Более того, бескачественных вещей не существует, бескачественную вещь можно только мыслить, и то как пустую отвлеченность, а не как реально существующий предмет. Ибо именно качественная определенность характеризует реальность вещи. Но, придавая вещи реальность, утверждая, так сказать, ее существование, всякая качественная определенность содержит в себе и момент отрицания. Ибо «всякая вещь существует через другую вещь и в противоположность другой вещи. Всякое определение возможно лишь через противопоставление» (А. Деборин). По выражению Спинозы, имеющему, с точки зрения Гегеля, «безмерную важность», omnis determinatio est negatio — всякое определение есть отрицание. Утверждать существование данной конкретной вещи во всей ее качественной особенности можно, только противополагая ее другим вещам, ограничивая ее этими вещами, выясняя в ней как то, что роднит ее с этими вещами, так и то, что от них отличает, и притом как в смысле наличия одних каких-нибудь особенных черт, так и в смысле не менее характерного для нее данного, особенного отсутствия других. И поэтому первое утверждение о том, что «существование есть определенное бытие, его определенность есть сущая определенность, качеств о», Гегель сейчас же дополняет вторым — «через свое качество нечто противополагается другому, есть изменчивое и конечное, совершенно отрицательно определенное не только в противоположность к другому, но и в нем самом» (Наука логики. С. 49). Взятое в его первом определении, «отличенное как сущее», качество «есть реальность», «как подпавшее же отрицанию — отрицание вообще, которое есть также качество, но, признаваемое за его отсутствие, определяется далее как граница, предел» (Наука логики. С. 51–52).
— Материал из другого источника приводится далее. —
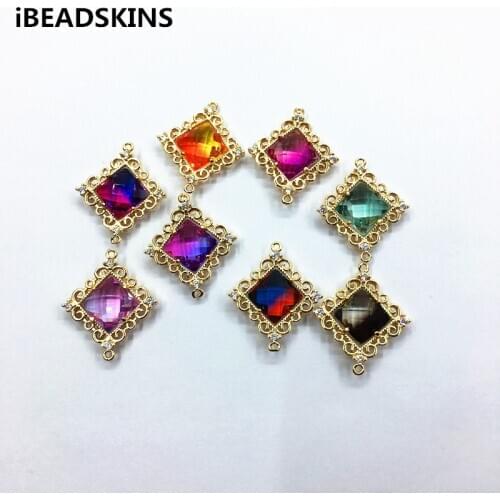 New arrival! 27x23mm 30pcs Crystal rhinestone Rhombus shape charm/Connectors for Necklace,Earrings parts,hand Made Jewelry DIY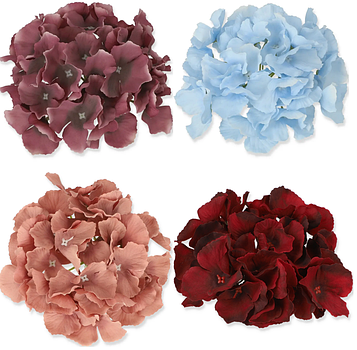 Головка штучна гортензії , 12 шт. Головка штучна гортензії діаметр 17 см, Штучна гортензії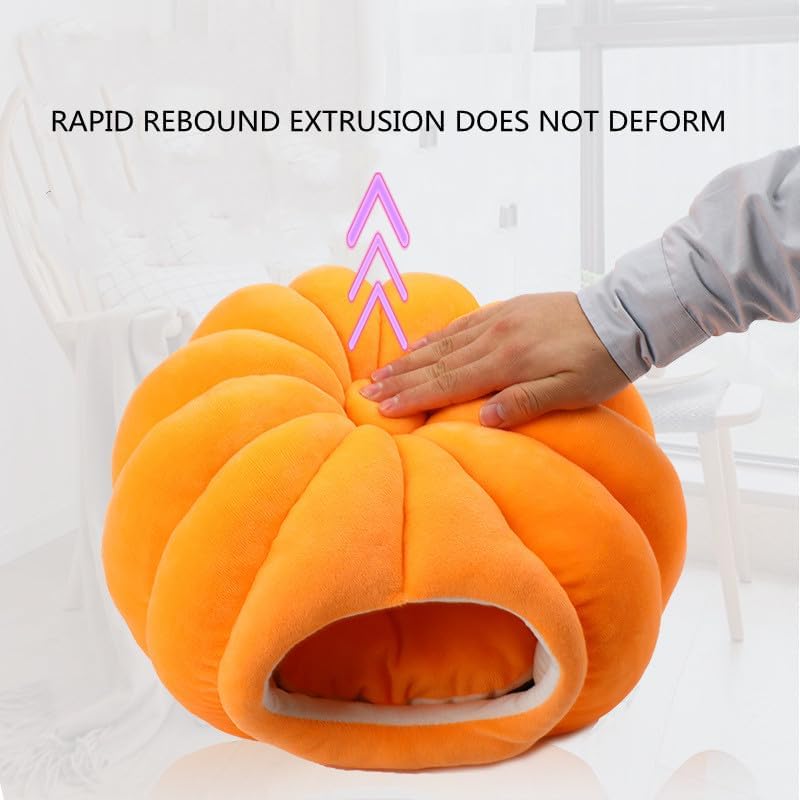 review Cute Pumpkin Cat Bed for Indoor Cats, Cozy Pumpkin Style Pet Nest Cat Cave Bed with Removable Cushion Pillow, Indoor Cat House Semi-Closed Pumpkin Pet Tent Bed Small Dog House (Orange, 19 Inch)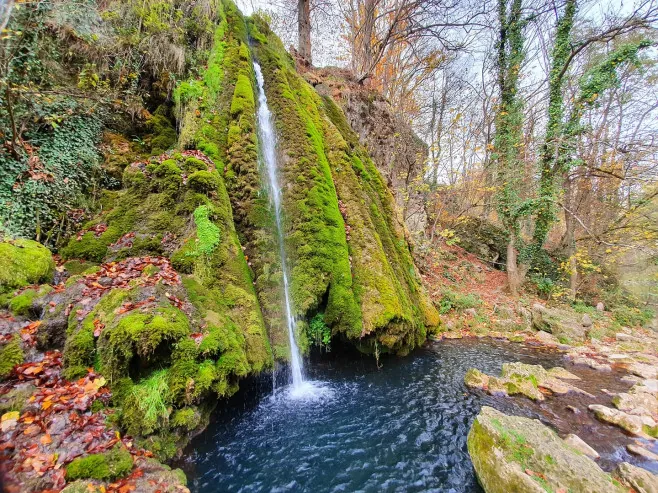 Cascada Vadu Crișului căzând peste stânci acoperite de mușchi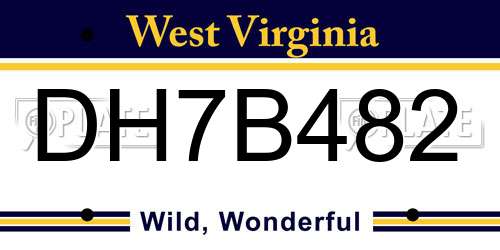 DH7B482 West Virginia License Plate
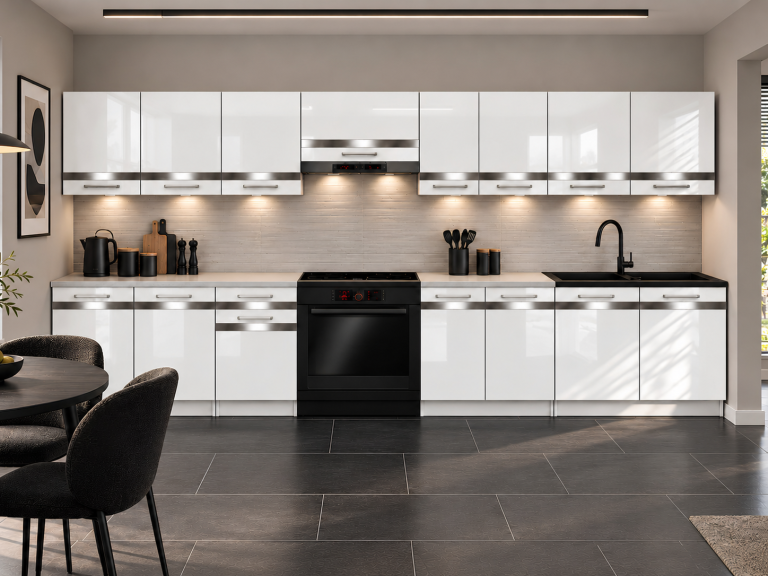 Meble kuchenne Prestige 320 cm biały połysk z blatem Producent INF P Vincent/0/WT/W/0/C1/SL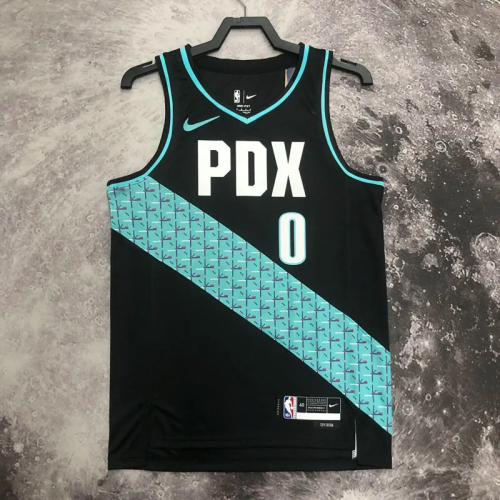 22-23 Trail Blazers LILLARD #0 Black City Edition Top Quality Hot Pressing NBA Jersey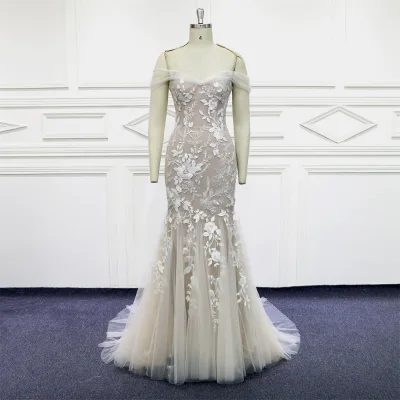 OEM ODM High Quality Tulle and Lace Fabric Sexy Fish Mermaid Wedding Dress Gown With Detachable Train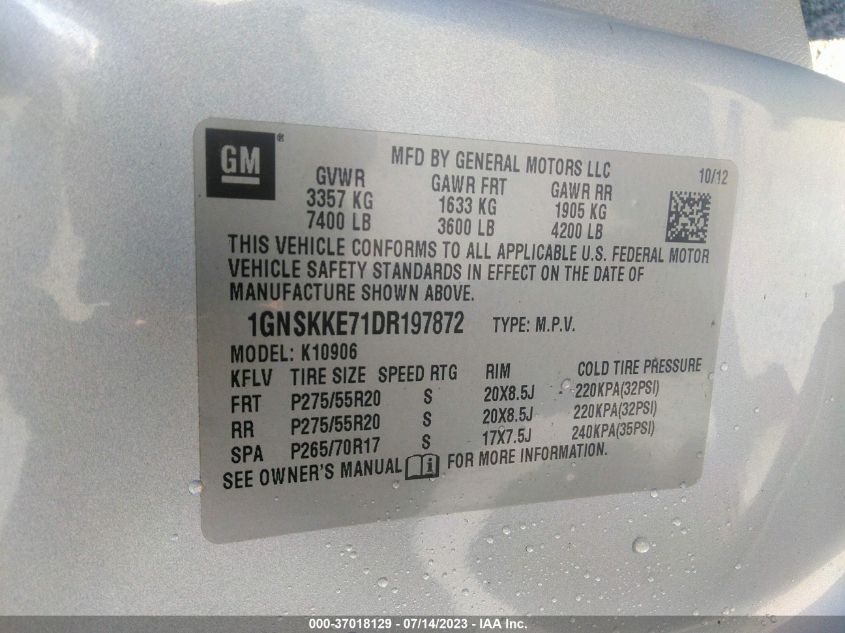 2013 CHEVROLET SUBURBAN 1500 LTZ 1GNSKKE71DR197872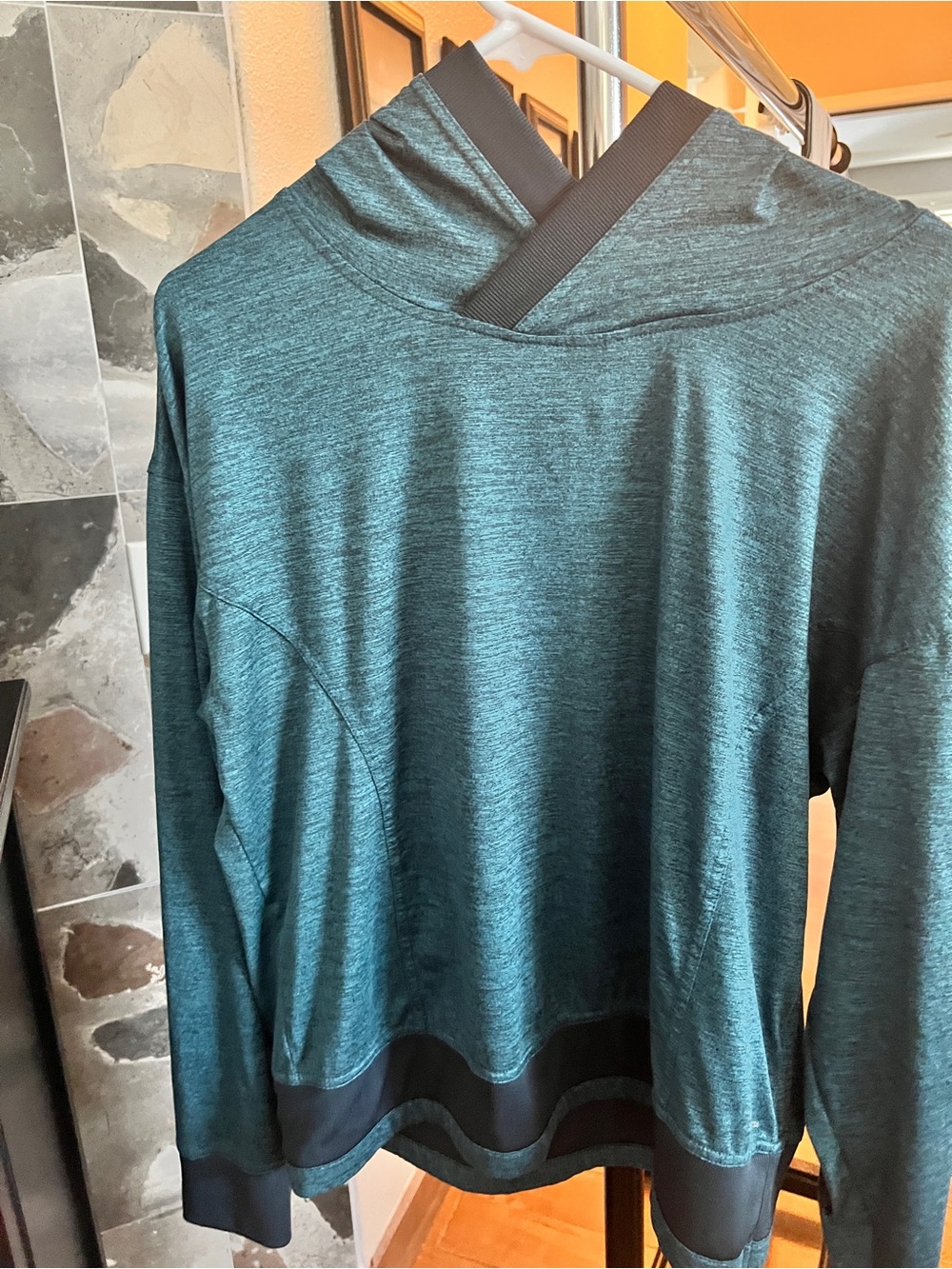 Mondetta Teal Heather Performance Top with Black Accents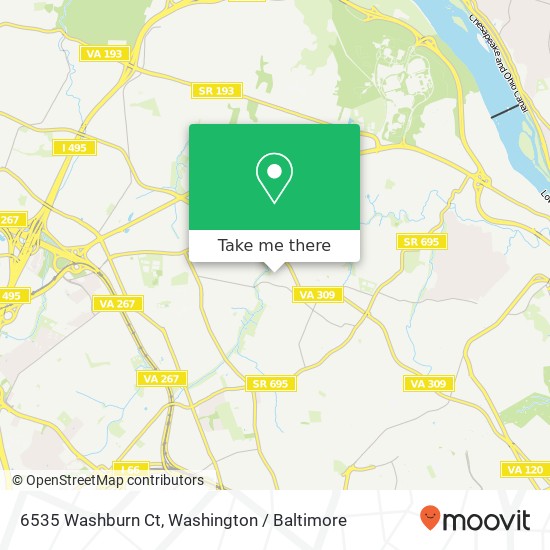 Mapa de 6535 Washburn Ct, McLean, VA 22101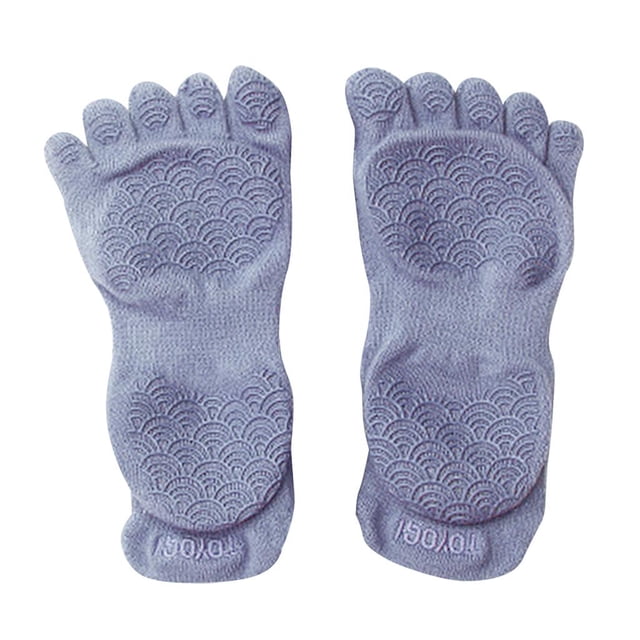 1 calcetines de Yoga para mujer, calcetín de algodón, media punta, calcetines deportivos antideslizantes para gimnasio, 5 dedos Azul sin kusrkot calcetines de yoga mujeres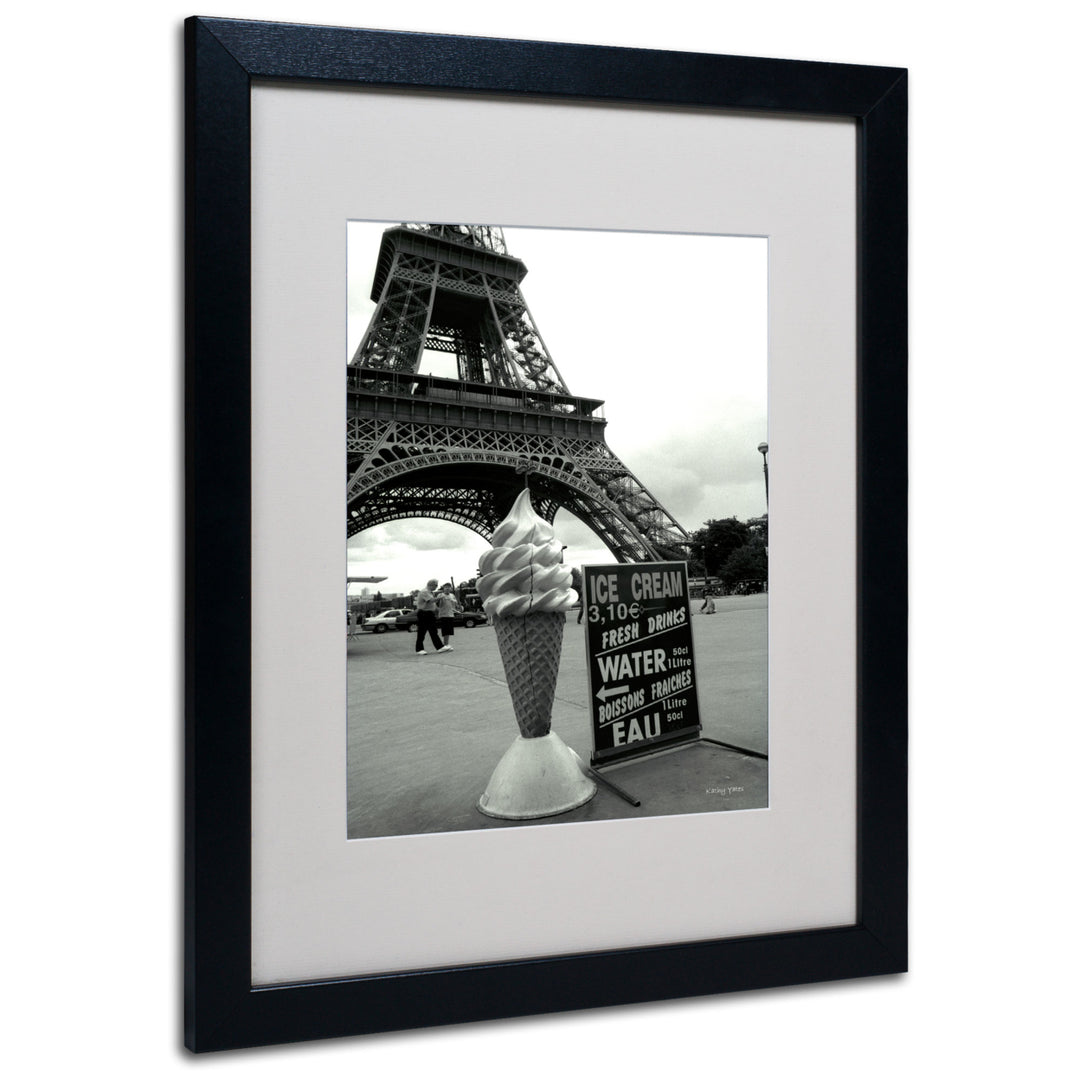 Kathy Yates Eiffel Tower Ice Cream Cone Black Wooden Framed Art 18 x 22 Inches Image 1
Качество, таким образом, не только характеризует некоторую вещь как именно данную, существующую, но и выделяет ее из среды ей подобных, тем самым ограничивает ее. «Существование определенно; нечто имеет качество, и в нем не только определенно, но и ограниченно; его качество есть его граница» [220] (Наука логики. С. 66).

220

В действительности не всегда можно указать границы, строго отличающие одну вещь от другой: растение от животного, один вид от другого, ибо все вещи находятся между собой в связи. Но тем не менее, если мы видели только эту связь и не видели различия между вещами, как это делает механическое естествознание, то не видели бы ничего, ибо все сливалось бы для нас в нечто среднее, неопределенное и бесформенное.

Однако ограничение есть лишь частичное уничтожение и сохранение. «Ограничить что-нибудь, — пишет тов. Деборин, — значит уничтожить его реальность путем отрицания не всецело, а только отчасти. Следовательно, в понятии границ кроме понятий реальности и отрицания заключается еще понятие делимости (способности количественного определения вообще, не какого-либо определенного количества)».

Рассмотрение качественной определенности вещей вскрывает перед нами, таким образом, необходимость дополнения его изучением определенности другого рода — количественной определенности.